Overarching Aim: The STRIVE Before Surgery Trial will evaluate three pragmatic elements (recruitment, adherence, and follow-up) that our experience in prehabilitation research demonstrate are necessary to support successful, large-scale evaluation. The investigators will concurrently use implementation science methodology to further refine processes for the larger trial. As this is a vanguard pilot trial, data from this trial will be combined with the future, large-scale trial.
Methods:
Design, setting and participants: The STRIVE Before Surgery Trial is an assessor blinded multicenter individual patient parallel-arm vanguard pragmatic randomized controlled trial.
People => 18 years old having inpatient abdominal, thoracic, pelvic, head-and-neck or vascular surgery with expected length of stay of => 2 days will be included.
Intervention: The intervention includes 3 aspects (exercise, nutrition and breathing). Our intervention is a home-based multimodal prehabilitation program supported through an online platform.
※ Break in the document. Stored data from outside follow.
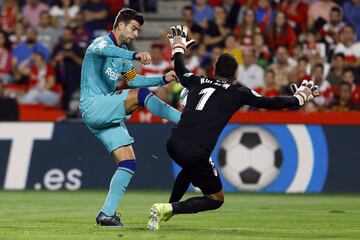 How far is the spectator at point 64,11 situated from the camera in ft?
81.9

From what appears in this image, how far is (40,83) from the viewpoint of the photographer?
76.4 ft

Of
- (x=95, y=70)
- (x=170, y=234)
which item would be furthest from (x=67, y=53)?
(x=170, y=234)

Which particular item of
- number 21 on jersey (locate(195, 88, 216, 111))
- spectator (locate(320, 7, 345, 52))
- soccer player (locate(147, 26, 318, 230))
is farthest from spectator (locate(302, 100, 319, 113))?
number 21 on jersey (locate(195, 88, 216, 111))

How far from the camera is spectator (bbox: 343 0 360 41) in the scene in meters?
23.8

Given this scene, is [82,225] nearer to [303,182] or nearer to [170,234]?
[170,234]

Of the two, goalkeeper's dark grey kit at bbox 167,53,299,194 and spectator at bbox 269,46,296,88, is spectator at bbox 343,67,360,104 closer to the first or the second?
spectator at bbox 269,46,296,88

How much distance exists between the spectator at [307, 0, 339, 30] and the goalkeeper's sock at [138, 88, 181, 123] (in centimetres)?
1243

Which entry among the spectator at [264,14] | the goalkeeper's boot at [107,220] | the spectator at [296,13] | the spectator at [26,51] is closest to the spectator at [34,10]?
the spectator at [26,51]

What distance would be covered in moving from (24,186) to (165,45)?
5712 mm

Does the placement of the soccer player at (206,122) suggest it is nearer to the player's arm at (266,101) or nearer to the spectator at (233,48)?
the player's arm at (266,101)

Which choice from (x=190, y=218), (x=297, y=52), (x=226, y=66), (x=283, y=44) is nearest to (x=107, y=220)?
(x=226, y=66)

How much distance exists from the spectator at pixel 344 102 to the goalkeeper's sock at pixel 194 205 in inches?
387

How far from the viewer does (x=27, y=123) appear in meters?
19.3

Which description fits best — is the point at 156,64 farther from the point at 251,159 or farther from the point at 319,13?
the point at 251,159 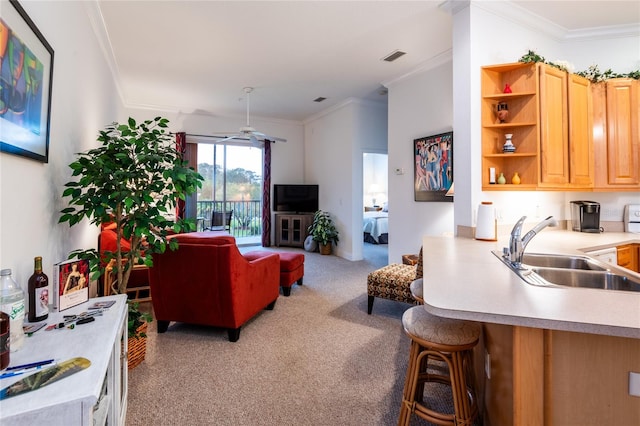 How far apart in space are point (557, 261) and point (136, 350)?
9.48 feet

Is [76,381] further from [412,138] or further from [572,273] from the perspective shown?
[412,138]

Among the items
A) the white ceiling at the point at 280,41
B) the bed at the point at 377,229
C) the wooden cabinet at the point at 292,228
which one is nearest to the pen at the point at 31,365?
the white ceiling at the point at 280,41

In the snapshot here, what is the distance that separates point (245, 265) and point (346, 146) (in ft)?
12.5

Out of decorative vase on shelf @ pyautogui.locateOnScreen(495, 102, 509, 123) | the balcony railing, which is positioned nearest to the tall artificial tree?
decorative vase on shelf @ pyautogui.locateOnScreen(495, 102, 509, 123)

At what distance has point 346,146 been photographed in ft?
19.1

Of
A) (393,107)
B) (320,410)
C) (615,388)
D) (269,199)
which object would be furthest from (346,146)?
(615,388)

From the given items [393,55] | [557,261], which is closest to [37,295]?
[557,261]

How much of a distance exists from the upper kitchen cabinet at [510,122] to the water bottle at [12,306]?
9.50ft

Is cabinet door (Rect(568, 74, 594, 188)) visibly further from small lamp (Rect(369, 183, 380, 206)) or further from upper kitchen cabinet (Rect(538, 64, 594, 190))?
small lamp (Rect(369, 183, 380, 206))

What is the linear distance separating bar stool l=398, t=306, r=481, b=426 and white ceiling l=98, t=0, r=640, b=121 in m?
2.74

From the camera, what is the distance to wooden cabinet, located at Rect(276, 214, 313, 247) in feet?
22.4

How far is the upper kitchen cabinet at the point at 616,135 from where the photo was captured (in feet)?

Outcomes and sample size: Primary outcomes are monthly recruitment, intervention adherence, retention, and elicitation of patient, clinician and researcher-identified barriers. Secondary outcomes are days at home in the 30 days after surgery, survival, length of stay, patient safety indicators, intensive care unit admission, non-home discharge, readmission, emergency department visits, and health system costs. Our vanguard trial sample size estimate is informed by a power calculation for the future large-scale trial. For the vanguard trial, a sample size of 144 directly links to our 3 feasibility outcomes: 1) recruitment of 144 participants over 6 months at our 4 sites will demonstrate our ability to average 6 participants per site per month.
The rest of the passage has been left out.